Catching flu in pregnancy can be dangerous for you and your baby. The vaccine can't give you flu and will only benefit your unborn baby.

All pregnant women should have the flu vaccine to protect themselves and their baby because:

  • you're more likely to catch flu as your immune system is naturally weakened
  • you're more likely to develop serious complications from flu such as pneumonia, compared with other women
  • getting flu can lead to an increased risk of miscarriage, having a premature birth or having a low birth weight baby
  • having the vaccine will help protect your newborn baby against flu during their first few months of life

The flu vaccine is safe to have at any stage of pregnancy.
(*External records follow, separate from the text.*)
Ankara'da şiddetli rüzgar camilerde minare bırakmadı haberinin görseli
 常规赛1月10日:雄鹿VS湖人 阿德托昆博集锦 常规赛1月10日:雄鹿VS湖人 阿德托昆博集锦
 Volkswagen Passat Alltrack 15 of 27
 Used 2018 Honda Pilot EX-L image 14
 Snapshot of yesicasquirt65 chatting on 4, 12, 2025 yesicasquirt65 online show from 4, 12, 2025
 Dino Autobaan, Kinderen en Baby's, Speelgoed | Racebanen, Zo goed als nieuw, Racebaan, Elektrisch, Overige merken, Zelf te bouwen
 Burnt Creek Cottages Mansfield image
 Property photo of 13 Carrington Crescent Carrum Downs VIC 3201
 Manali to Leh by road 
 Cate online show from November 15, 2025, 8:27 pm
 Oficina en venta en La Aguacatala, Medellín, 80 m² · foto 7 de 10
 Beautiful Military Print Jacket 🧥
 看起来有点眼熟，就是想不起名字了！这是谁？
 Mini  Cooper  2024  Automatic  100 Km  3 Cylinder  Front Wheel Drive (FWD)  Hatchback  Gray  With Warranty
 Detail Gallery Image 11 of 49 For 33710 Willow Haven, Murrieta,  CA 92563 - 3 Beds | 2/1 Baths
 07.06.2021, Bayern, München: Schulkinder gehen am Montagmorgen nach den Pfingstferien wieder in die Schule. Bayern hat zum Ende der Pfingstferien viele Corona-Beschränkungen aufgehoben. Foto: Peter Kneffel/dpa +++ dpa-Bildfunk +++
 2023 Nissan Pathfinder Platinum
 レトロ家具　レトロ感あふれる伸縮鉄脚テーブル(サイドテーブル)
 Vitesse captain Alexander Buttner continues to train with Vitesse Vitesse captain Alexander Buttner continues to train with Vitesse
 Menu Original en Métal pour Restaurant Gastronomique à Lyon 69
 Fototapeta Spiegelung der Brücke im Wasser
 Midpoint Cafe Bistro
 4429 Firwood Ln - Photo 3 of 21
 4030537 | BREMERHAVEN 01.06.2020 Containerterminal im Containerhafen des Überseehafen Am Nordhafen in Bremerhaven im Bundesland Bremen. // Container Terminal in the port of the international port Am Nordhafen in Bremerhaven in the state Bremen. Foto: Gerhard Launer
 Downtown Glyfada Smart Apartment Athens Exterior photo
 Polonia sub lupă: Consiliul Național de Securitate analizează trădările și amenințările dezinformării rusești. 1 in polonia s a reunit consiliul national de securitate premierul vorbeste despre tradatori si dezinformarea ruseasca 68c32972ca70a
If you have had the flu vaccine during a previous pregnancy, you should have it again during this pregnancy as:

  • a new flu vaccine is released every year because flu viruses change. The vaccine you had in a previous pregnancy may not protect you and your baby from this year's viruses
  • the immunity you get from the vaccine passes through the placenta and helps protect your baby

Side effects from the flu vaccine

Serious side effects are very rare, minor side effects may include:

  • a sore arm at the site of the injection
  • a slight temperature
  • aching muscles for a couple of days after

Where you can get the flu vaccine

You have the vaccine free of charge at your GP surgery or at a local pharmacy. 

Whooping cough vaccine

It's recommended that all pregnant women get the whooping cough vaccine from week 20 of each and every pregnancy.